Captioned web image data

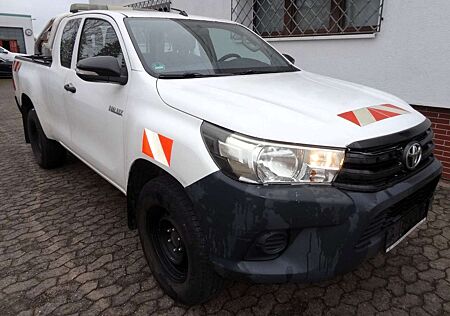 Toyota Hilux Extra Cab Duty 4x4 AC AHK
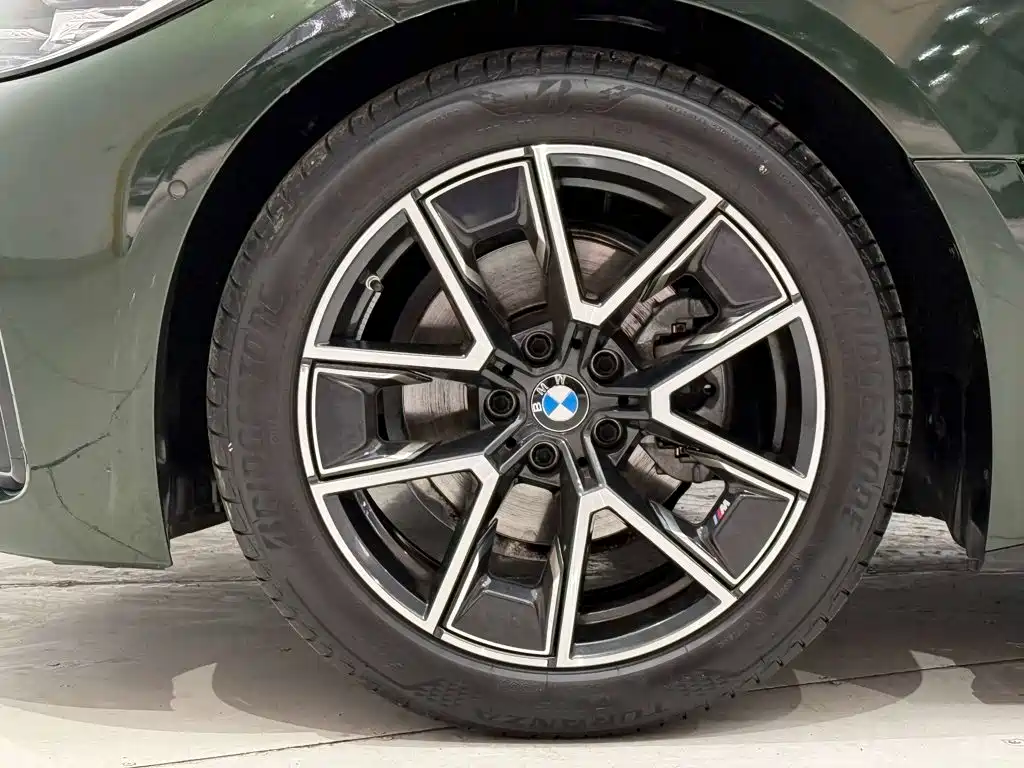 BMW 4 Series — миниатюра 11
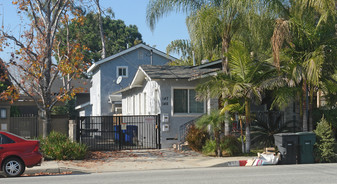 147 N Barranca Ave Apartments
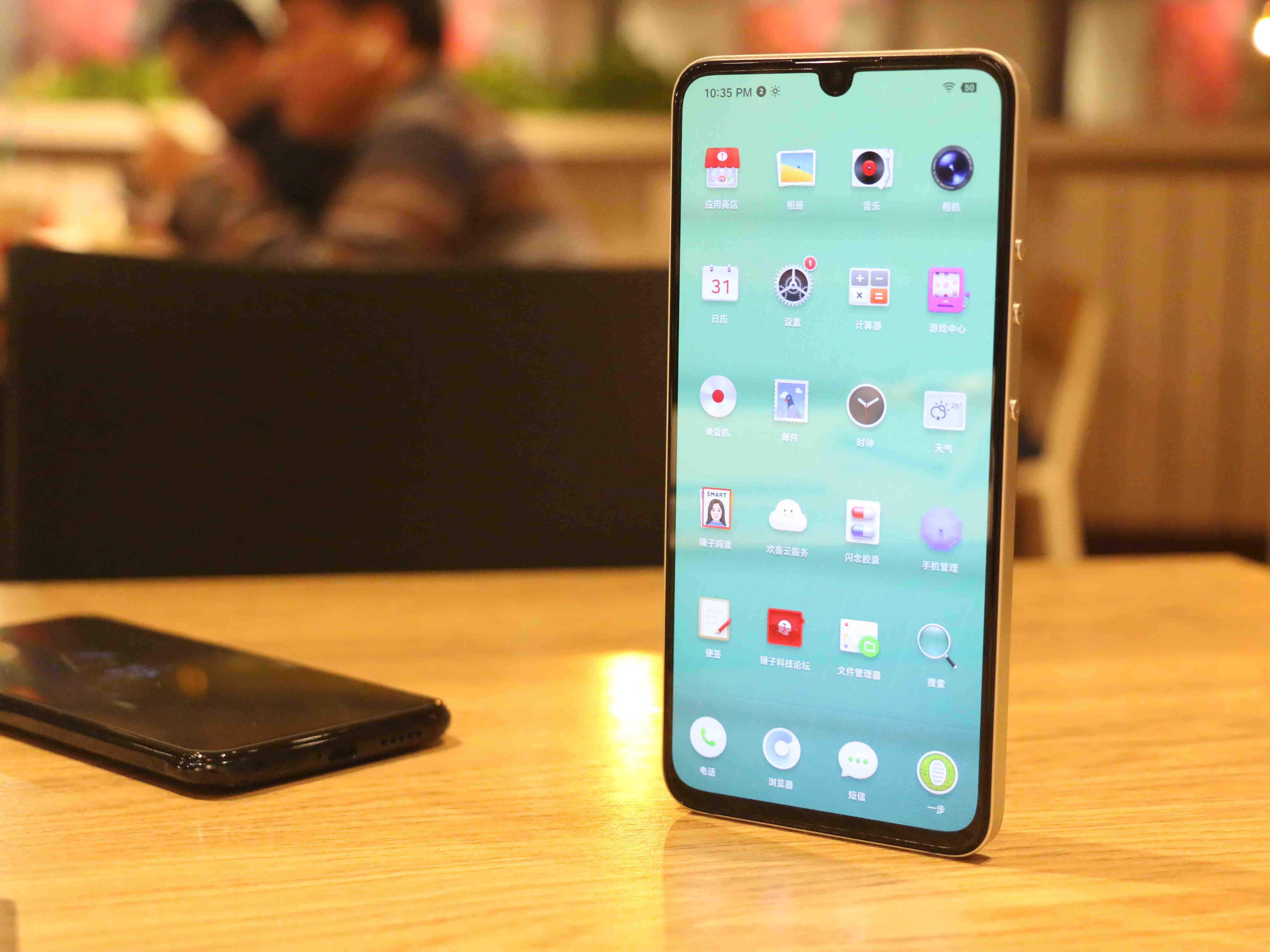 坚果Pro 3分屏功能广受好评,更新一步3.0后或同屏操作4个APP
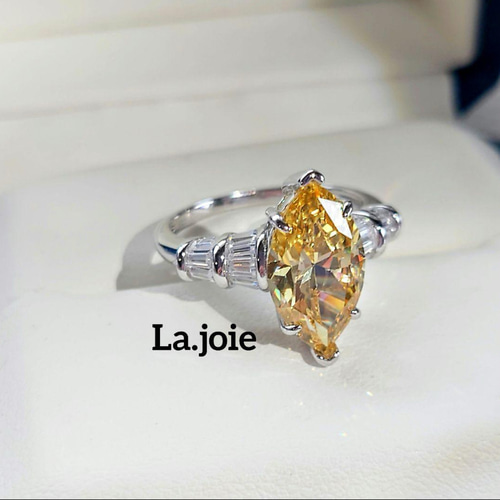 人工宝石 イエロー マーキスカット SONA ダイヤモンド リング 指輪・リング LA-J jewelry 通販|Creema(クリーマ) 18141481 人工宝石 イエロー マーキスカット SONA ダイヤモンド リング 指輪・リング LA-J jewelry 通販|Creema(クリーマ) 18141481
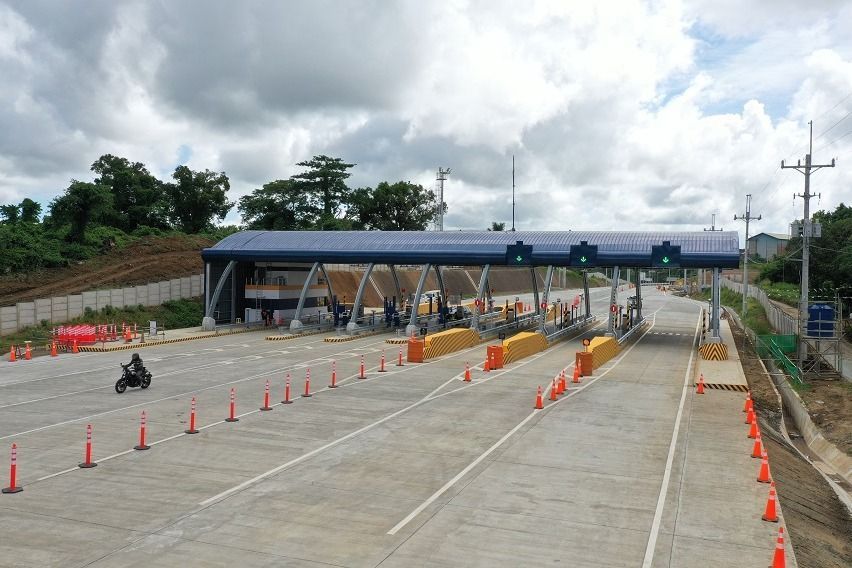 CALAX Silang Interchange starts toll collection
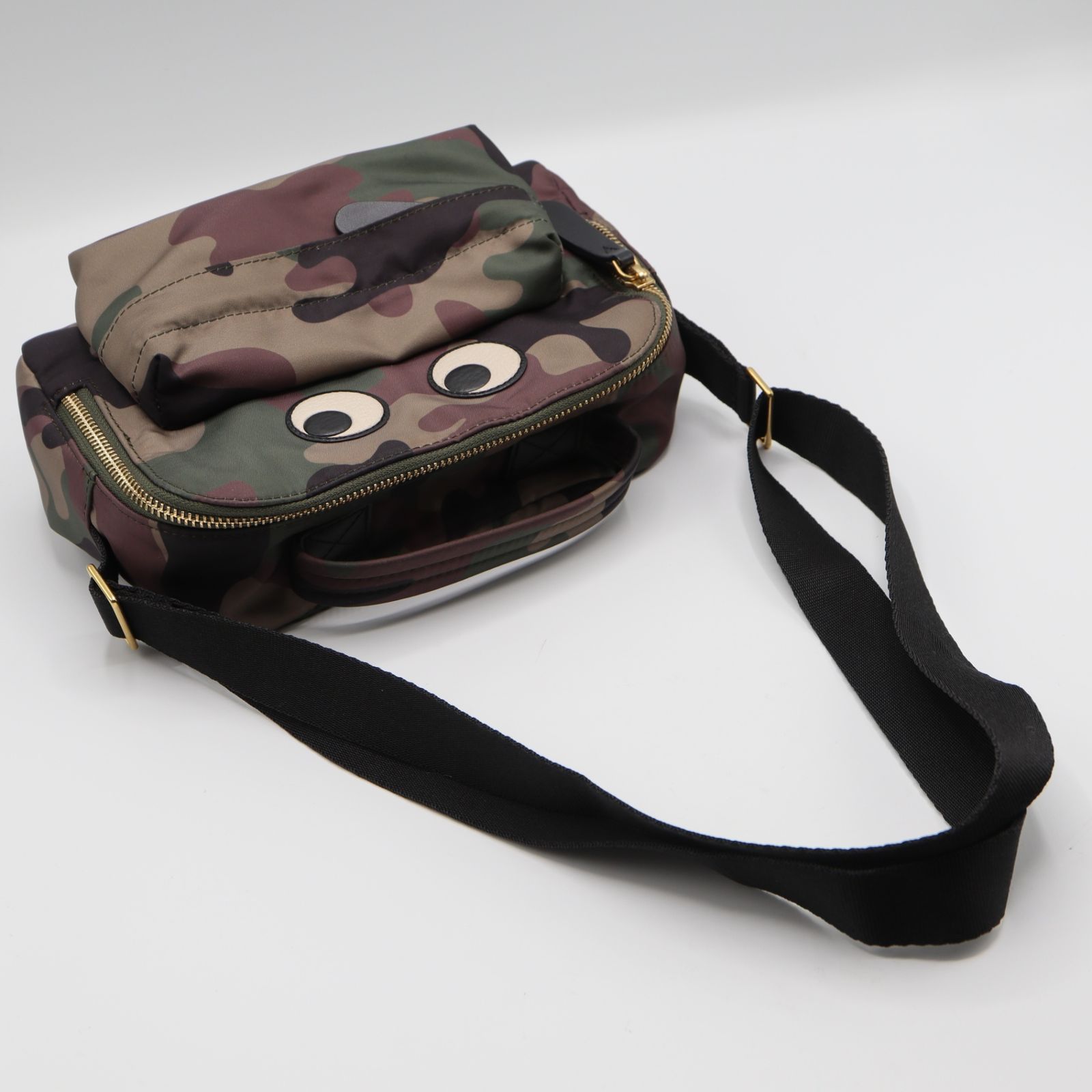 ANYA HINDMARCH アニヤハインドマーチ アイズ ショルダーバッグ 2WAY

Activity: What you write should match the entries exactly, except that the pictures are dropped.

Task solution:
 Toyota Hilux Extra Cab Duty 4x4 AC AHK
 BMW 4 Series — миниатюра 11
 147 N Barranca Ave Apartments
 坚果Pro 3分屏功能广受好评,更新一步3.0后或同屏操作4个APP
 人工宝石 イエロー マーキスカット SONA ダイヤモンド リング 指輪・リング LA-J jewelry 通販|Creema(クリーマ) 18141481 人工宝石 イエロー マーキスカット SONA ダイヤモンド リング 指輪・リング LA-J jewelry 通販|Creema(クリーマ) 18141481
 CALAX Silang Interchange starts toll collection
 ANYA HINDMARCH アニヤハインドマーチ アイズ ショルダーバッグ 2WAY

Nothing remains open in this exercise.